Bismillahirrahmanirrahim
Agama Budha merupakan
salah satu agama besar di dunia, yang ditemukan di India bagian Timur laut yang
dipelopori oleh Siddartha Gautama, yang terkenal dengan pangglian Budha atau
Sang Penerang.[1]
Ajarannya didasarkan pada pengalamannya, yaiut tepatnya ketika berusia muda ia
melihat empat faktor yang penting bagi dirinya, orang yang sakit, orang yang
berusia tua, orang yang meninggal dunia, dan seorang petapa yang sedang mencari
jalan untuk menyelsaikan penderitaannya. Yang kemudian ajaran-ajarannya
dirumuskan dalam kitab yang disebut “Tipitaka” – Vinaya Pitika yang mencakup
kerumahtanggaan, Sutta Pitaka yang berisi khutbah-khutbahnya dan para muridnya,
dan Abhidamma Pitaka yang mencakup ajaran ilmu jiwa dan metafisika agama
Buddha.
Dalam
perkembangannya agama Budha[2] mempunyai
karakteristik khusus, diantaranya, pertama, agama budha adalah agama yang
bersifat empiris, kedua, agama budha bersifat ilmiah, ketiga, agama budha
bersifat pragmatis, keempat, agama budha mengandung nilai-nilai pengobatan,
kelima, agama budha mengandung nilai-nilai psikologis, keenam, agama budha
mengandung nila-nilai persamaan derajat dan ketujuh, agama budha menunjukan
kepada arah individual.
Selanjutnya,
agama Budha mempunyai “Empat Kebenaran yang Mulia” dalam mengarungi
kehidupannya. Istilah ini diambil semata-mata dari perjuangan Buddha sendiri.
Awal mulanya, Empat Kebanaran yang Mulia ini berfungsi sebagai aksioma
pembelajaran atau sistemnya dan dalil dari apa yang menjadi pengajarannya.

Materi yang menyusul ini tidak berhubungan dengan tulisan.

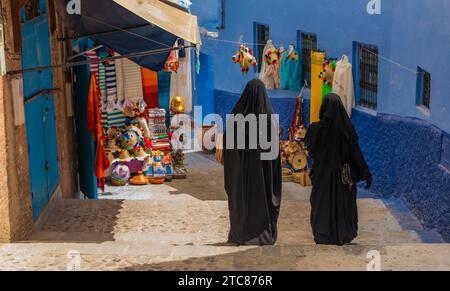 Ein Bild von zwei Frauen, die eine Burka tragen, die in einer Gasse in Chefchaouen laufen Stockfoto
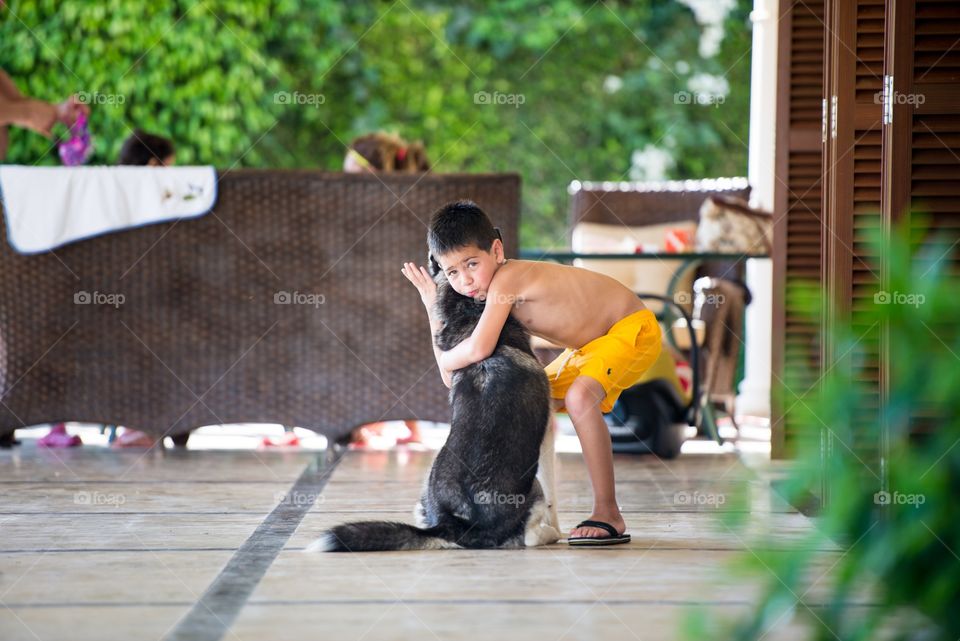 a boy hugging his dog in a funny way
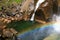 Sunny view of the Vernal Fall with a rainbow below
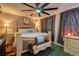 Serene bedroom featuring a large bed, ornate headboard, soft lighting, and elegant window treatments at 3035 S Biscay St, Aurora, CO 80013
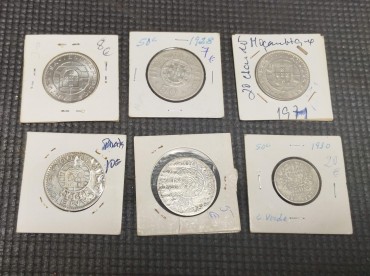 Seis moedas sendo 50 centavos de Cabo Verde, 20 escudos de Moçambique de 1955, 1960 e 1971, 50 centavos de 1928 de Angola e 20 escudos de 1971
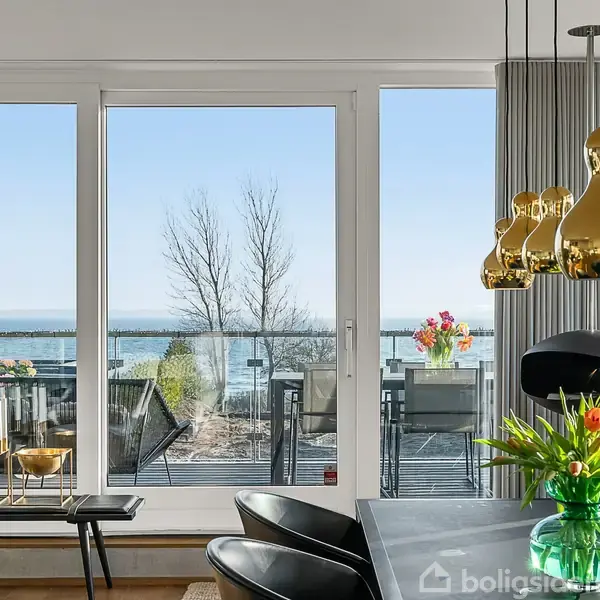 Bord med vase og blomster står ved siden af gyldne lamper over spiseområdet, mens store vinduer viser udsigt til terrasse og havet.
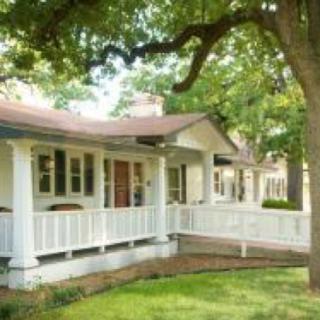 A charming house with a spacious porch and shaded by large trees.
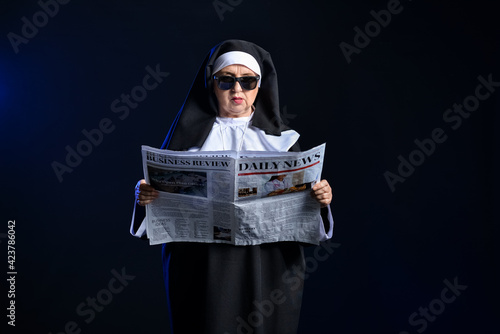 Cool senior nun with newspa...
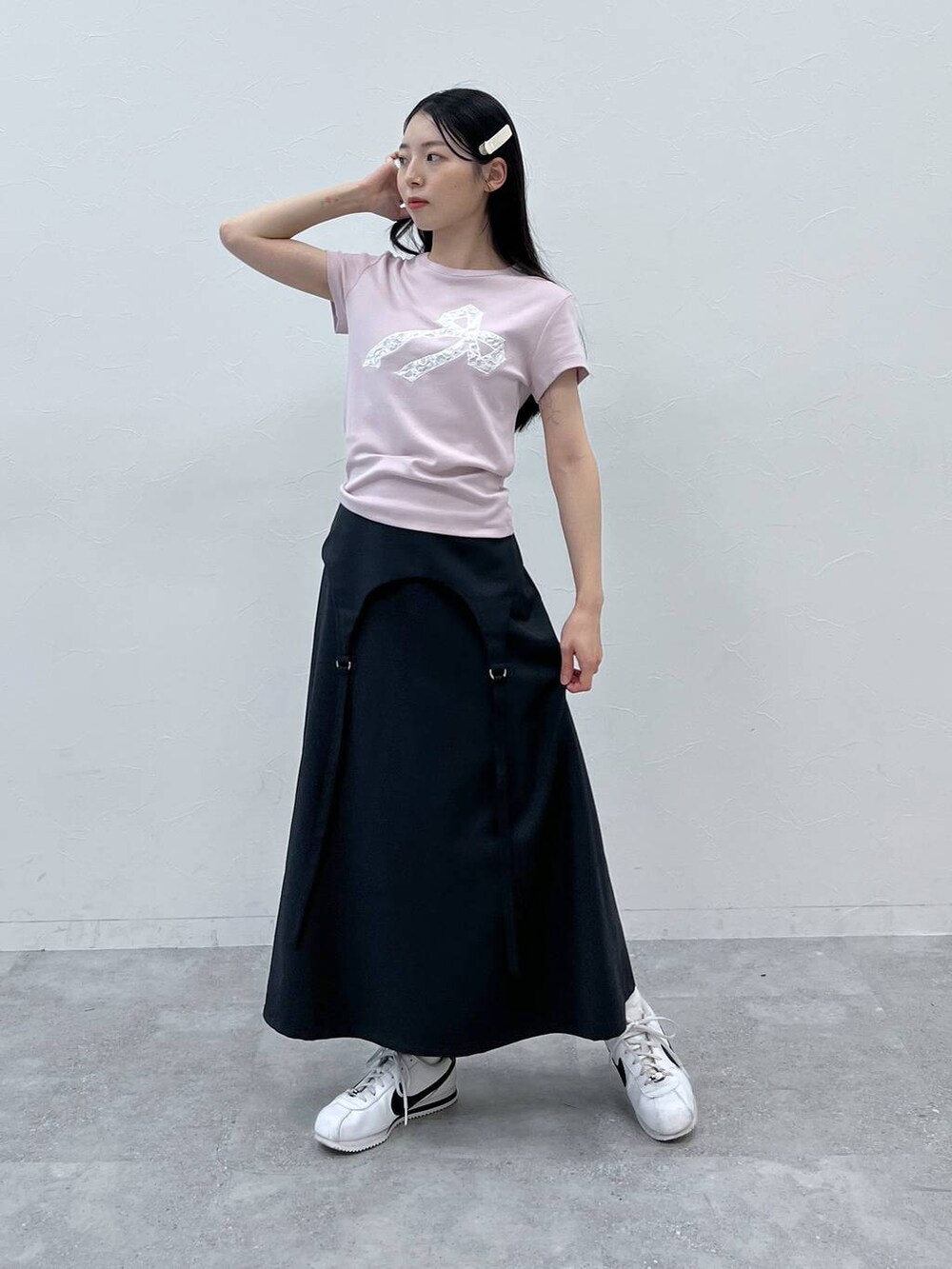 グレー系のスカート、ピンク系のTシャツ/カットソーを着用したレディースの夏コーディネートの2枚目の写真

Pertama, Dukkha, yang biasa diterjemahkan sebagai “penderitaan”. Kedua, Tanha,
bagian khusus keinginan untuk menemuhi ambisi pribadi. Ketiga, secara
logika bagian ini mengikuti yang kedua, jika sebab utama tergelincarnya
seserorang karena keegosisannya, maka obatnya bersandar pada penanggulangan
sifat itu atau dapat disebut sebagai akhir penderiaan. Poin Keempat menentukan
bagaimana obat bisa menjadi baik. Hasil dari Tanha, jalan keluar dari
tahanan, tiada lain adalah melalui “Jalan Utama Berunsur Delapan”. Adapun Unsur Jalan Utama yang Delapan itu
adalah, pengertian yang benar, pikiran yang benar, ucapan yang benar, perilaku
benar, mata pencaharain yang benar, daya upaya yang benar, perhatian yang benar
dan kontribusi yang besar.
Apa relevasi
sebenarnya agama Budha dengan agama Hindu? Bagaimana agama Budha berkembang di
India, sedangkan India sendiri telah dikuasai – pertama kali – oleh agama
Hindu? Apakah ajaran-ajaran Budha yang berada dalam kitab “Tipitaka” merupakan
ajaran asli Budha – berasal dari Siddartha Gautama – secara orsinil?
[1] Ia adalah seorang filosof India yang lahir
Lumbinī, Nepal. Ia adalah anak seorang ketua prajurit yang bernama, Siddharta.
Sedangkan kata Gautama Budha sendiri diambil merupakan nama gabungan dari
keluarga Gautama.
[2] Pada dasarnya Agama Budha mengambil sumber
hidup dari Hindu, akan tetapi ia mengalami perubahan secara umum yang melompat
seperti sebuah cepeti dan serangan balasan.